The 100(1-α)% confidence interval is an interval for which approximately 100(1-α)% of similarly constructed intervals (for a large number of independent samples) will contain the parameter being estimated. Usual values of α are 0.1 (90% confidence level), 0.05 (95% confidence level) and 0.01 (99% confidence level).

 

Empirical cumulative distribution function

For each potential value x, the empirical cumulative distribution function is equal to the proportion of observations less than or equal to x.

 

Kurtosis

Kurtosis is a measure of how outlier-prone a distribution is. The kurtosis of the normal distribution is 3. Distributions that are more outlier-prone than the normal distribution have kurtosis greater than 3; distributions that are less outlier-prone have kurtosis less than 3.

 

Normal probability plot

Normal probability plot is a graph for assessing whether data comes from a normal distribution. The plot has three graphical elements. The plus signs ‘+’ show the data value versus the empirical probability for each point in the sample. If all the data points fall near the line, the assumption of normality is reasonable. The solid line connects the 25th and 75th percentiles of the data and represents a robust linear fit of the sample order statistics. The dotted line extends the solid line to the ends of the sample to help evaluate the linearity of the data. The scale of the y-axis is not uniform. The y-axis values are probabilities and, as such, go from zero to one. The distance between the tick marks on the y-axis matches the distance between the quantiles of a normal distribution.

 

p-Value

The p-value is the probability that a test statistic would assume a value greater than or equal to the observed value, i.e. the probability of observing the given sample result under the assumption that the hypothesis is true. In other words, the p-value is the smallest significance level at which the null hypothesis would be rejected for the given sample. Note that the p-value does not measure the probability that the hypothesis is true. Also note that the p-value is not the probability of rejecting a true hypothesis because this probability is determined by the chosen significance level α.

 

Significance level α

The significance level of a statistical hypothesis test is a fixed probability of wrongly rejecting the hypothesis, if it is in fact true.

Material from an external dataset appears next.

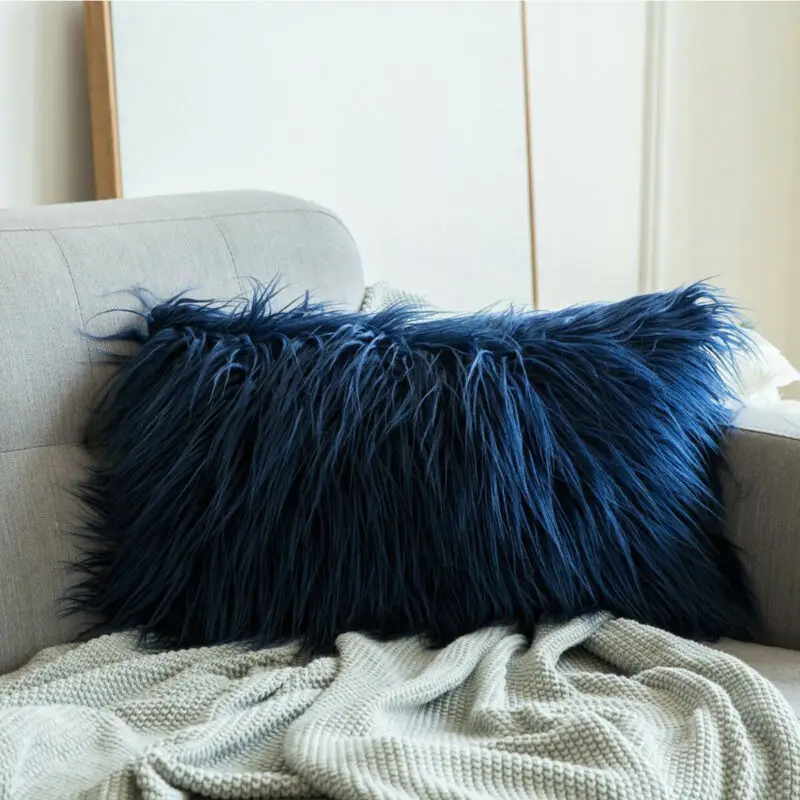 Однотонный мягкий плюшевый чехол из искусственного меха декоративная наволочка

In other words, the significance level α is the probability of a type I error (a type II error β is the probability that the hypothesis is not rejected when it is in fact false). Usually, the significance level is chosen to be α = 0.05 = 5% or α = 0.01 = 1%.

 

Skewness

Skewness is a measure of the asymmetry of a distribution. If skewness is negative, the data are spread out more to the left of the mode than to the right. If skewness is positive, the data are spread out more to the right. The skewness of any symmetric distribution is zero.